TIF’s EXECUTIVE DIRECTOR | Patient Blood Management Should Not Be Overlooked In EU’s Blood Revision

Public blood management could be a way to address blood shortages as only a third of world patients receive enough transfusions, according to ΤIF’s Executive Director, Dr. Androulla Eleftheriou, who also expressed concern that the forthcoming revision of the EU legislation on the topic will not properly address the issue. Dr. Eleftheriou spoke to EURACTIV’s health reporter, Giedrė Peseckytė, on World Blood Donor Day on 14 June.


**Reposting from Euractiv’s website.

How important are blood transfusions for thalassemia patients?

Blood transfusion therapy constitutes the cornerstone of managing these patients, who, in the absence of management, develop multi-order severe complications that lead to early immature death. Therefore, lifelong transfusion of retinal cells is the cornerstone and the major pillar of managing these patients to keep them alive, surviving, and improving their quality of life. In addition, a number of other medical protocols and treatments are required. 
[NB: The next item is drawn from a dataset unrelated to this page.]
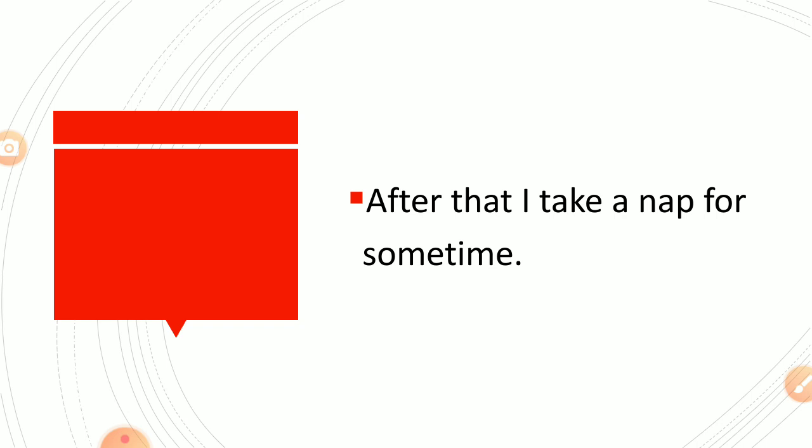After that I take a nap for some time. What is a nap? Nap is a short sleep. After having your lunch sometimes you know what we do, we take rest and a short sleep. That is called nap.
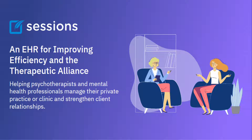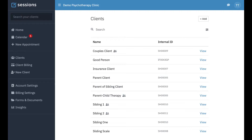Welcome to Sessions Health Tutorials. Hello fellow therapists. I'm Ian, a practicing psychotherapist, and I use Sessions Health each day in my own private practice. In this tutorial, we're going to take a look at uploading files to a client record.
As blood transfusion is needed throughout life, do all thalassemia patients get the blood they need in the EU and globally?

We have evidence to demonstrate that less than 30% of the global patient population is actually receiving an adequate amount of blood. And this is a major problem across the world. There are huge challenges in effectively addressing blood transfusion therapy, which is the cornerstone of this management. 

What could be done to address this issue?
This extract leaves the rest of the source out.